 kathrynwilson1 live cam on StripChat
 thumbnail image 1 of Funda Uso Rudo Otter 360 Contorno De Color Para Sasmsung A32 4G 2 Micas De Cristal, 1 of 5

--

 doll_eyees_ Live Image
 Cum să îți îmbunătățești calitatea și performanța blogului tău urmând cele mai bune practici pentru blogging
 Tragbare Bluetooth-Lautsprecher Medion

Instructions for the task >>
Would you output, from the records above, exactly the run of lines that starts at the line containing "Cum să îți îmbunătățești" and ends at the line containing "Tragbare Bluetooth-Lautsprecher Medion", and only that run?

Answer area >>
 Cum să îți îmbunătățești calitatea și performanța blogului tău urmând cele mai bune practici pentru blogging
 Tragbare Bluetooth-Lautsprecher Medion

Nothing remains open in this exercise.